** Exercise goal **
After locating the line that contains "Wagayahawaii.com(Honolulu Ramen Shop)" in the records below, write out exactly that line and each line after it through the one that contains "Схема запчастей Case", and nothing else.

** Material shown **
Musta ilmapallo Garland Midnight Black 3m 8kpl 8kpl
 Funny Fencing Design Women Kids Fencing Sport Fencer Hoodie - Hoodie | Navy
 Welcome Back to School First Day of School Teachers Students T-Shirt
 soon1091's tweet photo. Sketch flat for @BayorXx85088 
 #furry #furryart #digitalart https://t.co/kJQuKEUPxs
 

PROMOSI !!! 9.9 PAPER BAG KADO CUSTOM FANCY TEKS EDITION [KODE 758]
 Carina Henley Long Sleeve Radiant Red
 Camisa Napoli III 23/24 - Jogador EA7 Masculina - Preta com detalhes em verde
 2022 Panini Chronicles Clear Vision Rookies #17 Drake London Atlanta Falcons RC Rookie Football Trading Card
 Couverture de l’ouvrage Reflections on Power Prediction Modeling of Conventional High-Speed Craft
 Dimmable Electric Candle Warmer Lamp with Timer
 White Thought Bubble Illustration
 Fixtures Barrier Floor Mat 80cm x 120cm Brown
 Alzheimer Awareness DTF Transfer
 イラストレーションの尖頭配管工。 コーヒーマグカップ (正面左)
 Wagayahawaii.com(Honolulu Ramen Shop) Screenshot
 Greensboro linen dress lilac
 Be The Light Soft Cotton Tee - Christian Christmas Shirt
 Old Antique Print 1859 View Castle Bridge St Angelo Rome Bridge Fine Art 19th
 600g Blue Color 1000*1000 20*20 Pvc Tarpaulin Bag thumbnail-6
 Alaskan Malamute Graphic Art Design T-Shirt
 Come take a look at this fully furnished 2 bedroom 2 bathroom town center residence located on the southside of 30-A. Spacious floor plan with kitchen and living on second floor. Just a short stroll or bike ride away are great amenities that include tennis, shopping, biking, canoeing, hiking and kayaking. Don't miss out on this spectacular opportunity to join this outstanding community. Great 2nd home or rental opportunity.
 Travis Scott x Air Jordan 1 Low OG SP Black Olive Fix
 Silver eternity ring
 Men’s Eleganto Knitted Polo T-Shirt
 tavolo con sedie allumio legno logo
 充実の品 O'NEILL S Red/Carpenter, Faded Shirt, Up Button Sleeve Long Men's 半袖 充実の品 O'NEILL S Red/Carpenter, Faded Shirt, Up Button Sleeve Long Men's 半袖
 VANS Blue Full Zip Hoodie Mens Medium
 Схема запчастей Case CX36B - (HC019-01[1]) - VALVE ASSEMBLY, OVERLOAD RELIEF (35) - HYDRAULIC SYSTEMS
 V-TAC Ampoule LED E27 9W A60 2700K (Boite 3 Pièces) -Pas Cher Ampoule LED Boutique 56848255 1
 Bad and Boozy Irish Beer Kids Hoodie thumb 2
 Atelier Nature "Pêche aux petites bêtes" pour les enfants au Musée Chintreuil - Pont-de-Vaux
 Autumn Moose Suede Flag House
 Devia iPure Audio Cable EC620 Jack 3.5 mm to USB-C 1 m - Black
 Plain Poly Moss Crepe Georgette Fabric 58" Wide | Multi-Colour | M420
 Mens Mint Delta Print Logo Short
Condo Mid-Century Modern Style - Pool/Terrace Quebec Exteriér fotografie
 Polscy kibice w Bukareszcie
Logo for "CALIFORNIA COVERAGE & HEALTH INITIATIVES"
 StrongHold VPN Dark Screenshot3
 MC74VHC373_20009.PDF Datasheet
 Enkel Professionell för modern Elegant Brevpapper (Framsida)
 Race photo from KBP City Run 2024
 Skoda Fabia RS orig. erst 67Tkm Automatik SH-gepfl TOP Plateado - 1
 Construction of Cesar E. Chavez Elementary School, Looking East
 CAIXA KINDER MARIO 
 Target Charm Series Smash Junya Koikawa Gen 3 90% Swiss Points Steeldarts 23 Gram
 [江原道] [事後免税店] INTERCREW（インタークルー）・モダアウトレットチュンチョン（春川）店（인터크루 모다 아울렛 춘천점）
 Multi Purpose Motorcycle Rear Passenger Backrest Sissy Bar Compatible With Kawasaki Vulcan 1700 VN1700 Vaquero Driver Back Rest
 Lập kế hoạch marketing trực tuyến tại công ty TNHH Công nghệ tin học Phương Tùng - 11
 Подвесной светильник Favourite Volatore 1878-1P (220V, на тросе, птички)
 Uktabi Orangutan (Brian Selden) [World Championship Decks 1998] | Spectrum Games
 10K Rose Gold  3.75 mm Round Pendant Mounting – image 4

** Expected answer **
 Wagayahawaii.com(Honolulu Ramen Shop) Screenshot
 Greensboro linen dress lilac
 Be The Light Soft Cotton Tee - Christian Christmas Shirt
 Old Antique Print 1859 View Castle Bridge St Angelo Rome Bridge Fine Art 19th
 600g Blue Color 1000*1000 20*20 Pvc Tarpaulin Bag thumbnail-6
 Alaskan Malamute Graphic Art Design T-Shirt
 Come take a look at this fully furnished 2 bedroom 2 bathroom town center residence located on the southside of 30-A. Spacious floor plan with kitchen and living on second floor. Just a short stroll or bike ride away are great amenities that include tennis, shopping, biking, canoeing, hiking and kayaking. Don't miss out on this spectacular opportunity to join this outstanding community. Great 2nd home or rental opportunity.
 Travis Scott x Air Jordan 1 Low OG SP Black Olive Fix
 Silver eternity ring
 Men’s Eleganto Knitted Polo T-Shirt
 tavolo con sedie allumio legno logo
 充実の品 O'NEILL S Red/Carpenter, Faded Shirt, Up Button Sleeve Long Men's 半袖 充実の品 O'NEILL S Red/Carpenter, Faded Shirt, Up Button Sleeve Long Men's 半袖
 VANS Blue Full Zip Hoodie Mens Medium
 Схема запчастей Case CX36B - (HC019-01[1]) - VALVE ASSEMBLY, OVERLOAD RELIEF (35) - HYDRAULIC SYSTEMS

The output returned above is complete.